El film de Fadel fue todavía más lejos y, meses después, ganó varios galardones fuera del país, entre ellos el premio de la Asociación del Cine Independiente (ACID) y la Caja Central de Actividades Sociales (CCAS) en el marco de la Semana de la Crítica del Festival de Cannes. Días atrás, regresó del Festival de Biarritz donde compitió -sin éxito- en seis categorías.
La enumeración de antecedentes pretende matizar la opinión desfavorable de esta simple blogger, y anticipar la eventual intervención de algún espíritu justiciero determinado a descalificarla en nombre de los porotos acumulados desde las avant-premières en el 14° Buenos Aires Festival Internacional de Cine Independiente. Para más datos, no es la primera vez que Espectadores se revela incapaz de reconocer las virtudes de un hallazgo festivalero.
En el caso de La araña vampiro y Los salvajes, el mayor reproche gira en torno a las falsas expectativas que ambos títulos generan al menos en parte del público. Dicho de otro modo y salvando las distancias que las separan, una y otra producción coinciden en empezar de manera prometedora para luego desbarrancarse por una pendiente irremontable.
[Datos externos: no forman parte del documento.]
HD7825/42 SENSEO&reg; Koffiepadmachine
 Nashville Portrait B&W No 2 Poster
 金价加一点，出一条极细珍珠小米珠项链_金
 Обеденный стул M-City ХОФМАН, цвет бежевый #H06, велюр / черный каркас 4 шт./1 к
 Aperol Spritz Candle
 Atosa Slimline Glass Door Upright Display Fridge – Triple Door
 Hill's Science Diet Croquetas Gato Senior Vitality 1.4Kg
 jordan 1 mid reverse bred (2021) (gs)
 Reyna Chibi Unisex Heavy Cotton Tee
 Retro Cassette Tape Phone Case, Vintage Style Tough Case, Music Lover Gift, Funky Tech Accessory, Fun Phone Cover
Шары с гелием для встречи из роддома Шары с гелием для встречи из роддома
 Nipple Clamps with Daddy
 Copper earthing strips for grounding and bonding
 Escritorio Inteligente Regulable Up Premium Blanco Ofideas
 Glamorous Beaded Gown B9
Medina parece quedarse corto con su cuento de terror tal vez inspirado en la pluma de Edgar Allan Poe, Guy de Maupassant o incluso de nuestro Alberto Laiseca. En este caso, la desventura que protagoniza un joven porteño depresivo tras haber sido mordido por una “araña vampiro” reedita muy tímidamente rivalidades clásicas del género en cuestión: hombre versus animal; ciudad versus campo; ciencia o medicina versus sabiduría popular.
Ni Gerónimo es Peter Parker, ni la picadura inevitable lo convertirá en un súper hombre. Al contrario, el ataque mortal del bicho refuerza no sólo la neurosis del protagonista sino su condición de antihéroe: la propuesta resulta en principio estimulante para quienes sentimos debilidad por las tramas que contravienen el mandato del ganador hollywoodense.
Sin embargo, el entusiasmo inicial desaparece progresivamente ante un guión cuyo mayor desacierto radica en el desmanejo de los tiempos narrativos, sobre todo cuando la segunda mitad de la película se estanca en la búsqueda del antídoto salvador. La intervención de un policía (¿guardaparques?) y los ruidos de la explotación minera (que explicaría porqué los bichos se vuelven locos) están más cerca de la parodia que del horror.
Los salvajes desencanta todavía más, con su crónica de una fuga carcelaria, que deriva en una suerte de fábula metafísica tirada de los pelos. Es una pena porque el largometraje cuenta con cuatro grandes virtudes: la (premiada) fotografía, la banda sonora, las actuaciones (en especial la de Sofía Brito) y un gran esfuerzo de producción por parte de Agustina Llambi Campbell.
Cuando algunos espectadores baficianos aventuramos pronósticos sobre el destino comercial de estas dos favoritas de la crítica y del jurado, nadie previó un estreno simultáneo. De hecho, nunca imaginamos que productores y exhibidores acordarían reeditar parte de aquella competencia realizada en abril pasado, quizás para aprovechar el apoyo de una prensa dispuesta a ratificar -por partida doble- sus elogios casi unánimes.